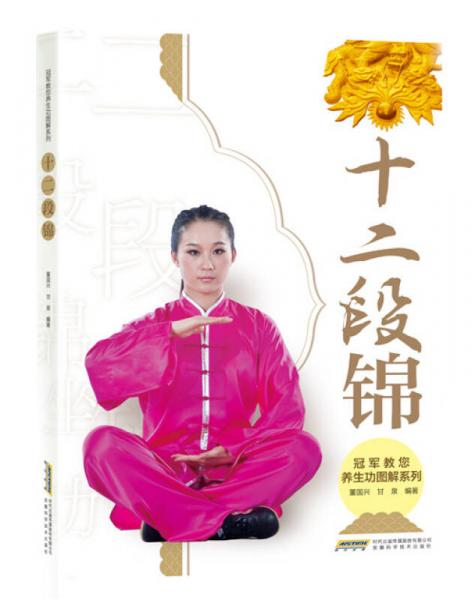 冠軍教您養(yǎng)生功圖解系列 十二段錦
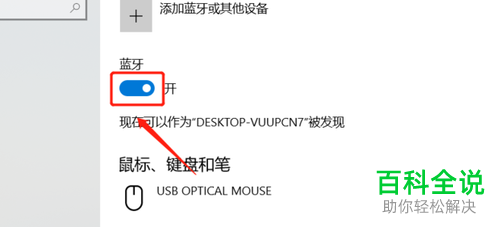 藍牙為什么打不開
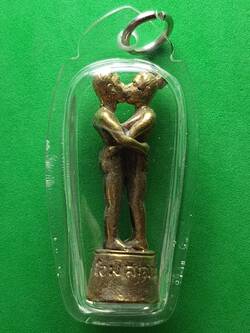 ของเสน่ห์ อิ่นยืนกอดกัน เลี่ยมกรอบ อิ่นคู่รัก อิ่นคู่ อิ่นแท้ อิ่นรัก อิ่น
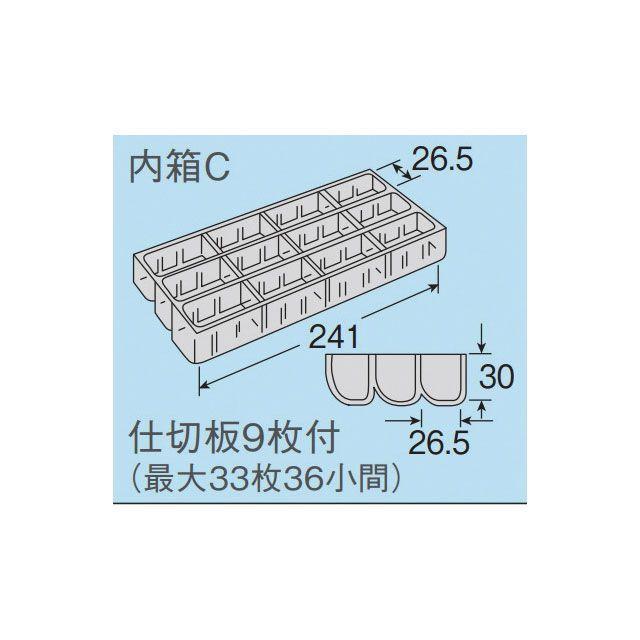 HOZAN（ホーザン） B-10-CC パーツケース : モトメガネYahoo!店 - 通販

--

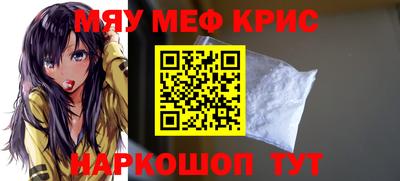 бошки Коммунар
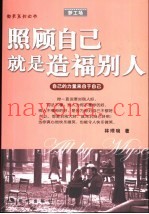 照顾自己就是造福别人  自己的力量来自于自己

> _About this exercise_
Among the entries above, take the line with "冠軍教您養(yǎng)生功圖解系列 十二段錦", the line with "HOZAN（ホーザン） B-10-CC パーツケース", and all the lines between them, and restate them word for word without pictures.

> _Written answer_
 冠軍教您養(yǎng)生功圖解系列 十二段錦
 藍牙為什么打不開
 ของเสน่ห์ อิ่นยืนกอดกัน เลี่ยมกรอบ อิ่นคู่รัก อิ่นคู่ อิ่นแท้ อิ่นรัก อิ่น
 HOZAN（ホーザン） B-10-CC パーツケース : モトメガネYahoo!店 - 通販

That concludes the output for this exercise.